Clinton/Gore: 334 EV, 52.6%
Bush/Quayle: 204 EV, 47.3%
 
I forgot to mention Republican fatigue, yes...however one knock-on effect of this is that Clinton will presumably win with a majority of the popular vote, if a narrow one, which may make him harder for the Republicans to attack in 1992-94.

If Clinton goes against his natural centrism to appease the base, which was already pissed at losing the 20+ year civil war (which Clinton himself admits as the major strategic error of his presidency in My Life) as per OTL with the Hillarycare and DADT messes, then he'll still get massacred in '94. Some of Gingrich's choicier quotes such as "counterculture McGoverniks" to use one of his milder epithets may not be around, but the GOP will still be as venomous as ever. Their tinfoilers will still hold hearings on Vince Foster for example.
 
i think RB is right that Clinton would win a closer race. I live in a very conservative state. Bush won it. But it was closer than normal. The Perot people just would not have voted. What happensd though if Bush got rid of Qualyle and put Powell on the ticket? I say Bush wins.
 

Thande

Donor
If Clinton goes against his natural centrism to appease the base, which was already pissed at losing the 20+ year civil war (which Clinton himself admits as the major strategic error of his presidency in My Life) as per OTL with the Hillarycare and DADT messes, then he'll still get massacred in '94. Some of Gingrich's choicier quotes such as "counterculture McGoverniks" to use one of his milder epithets may not be around, but the GOP will still be as venomous as ever. Their tinfoilers will still hold hearings on Vince Foster for example.

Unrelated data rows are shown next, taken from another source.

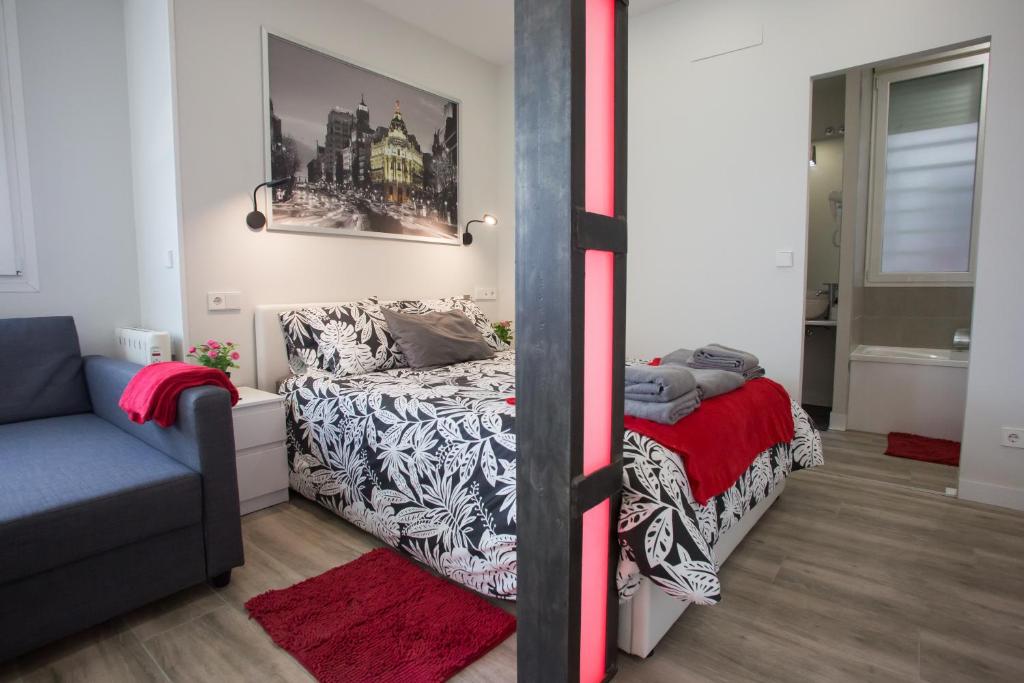 ein Schlafzimmer mit einem Bett und einem Sofa in einem Zimmer in der Unterkunft WindRose 9 in Madrid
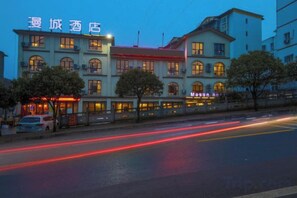 A hotel with multiple floors, a prominent sign, and a street in the foreground. - Mason Hotel (Chongqing)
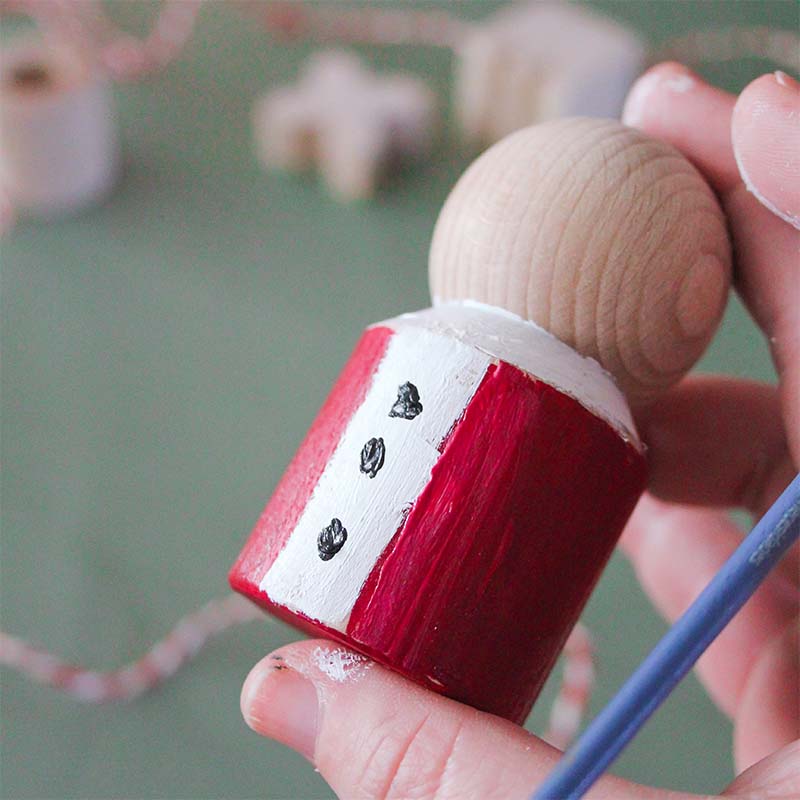 A HABA Block has been painted to look like Santa's coat.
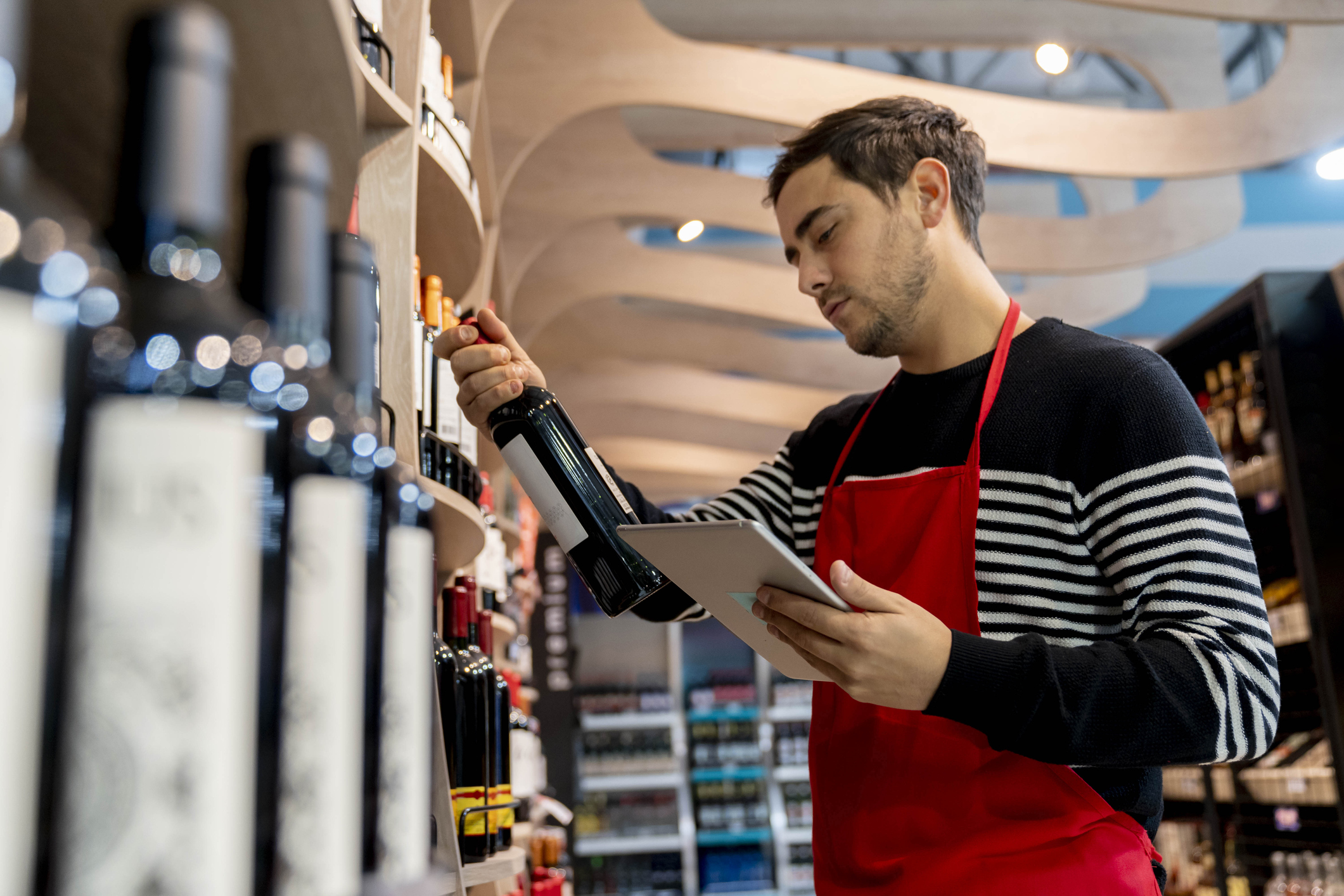 Employee examines a bottle of wine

But the Republicans would have to use a different attack strategy: they would have to acknowledge Clinton's popular vote victory. I think a plausible way of doing it would be for them to claim that Clinton had been elected as a centrist but was governing as a far-leftie (bollocks, but then this is America we're talking about here).
 

Thande

Donor
When did they switch the colours? :confused:

The Republican red Democratic blue thing (which is pretty illogical considering most conventions) only dates from the 2000 election, or so most people claim. Historically it's more that there was never any consensus than Republican blue Democratic red being the norm, but RB's using a US election maps website that uses that system.
 
The Republican red Democratic blue thing (which is pretty illogical considering most conventions) only dates from the 2000 election, or so most people claim. Historically it's more that there was never any consensus than Republican blue Democratic red being the norm, but RB's using a US election maps website that uses that system.
I have a Weekly World News article from the early nineties discussing Democrat plans to paint the White House blue so it has to be older than 2000.
 

Thande

Donor
Nothing will really change.

So, it's an exciting POD indeed.
A lot will change, it's just subtler than most. In the short term, my comments above about Clinton winning the popular vote. In the long term, no Reform Party movement, which means a close 1996/2000 election such as OTL's 2000 cannot be blamed on the Reform candidate.
 
Those are minor statistical changes, which are pretty much inherent in any electoral POD, and Buchanan may very well run in 2000 without a Reform Party. I would not call that "a lot."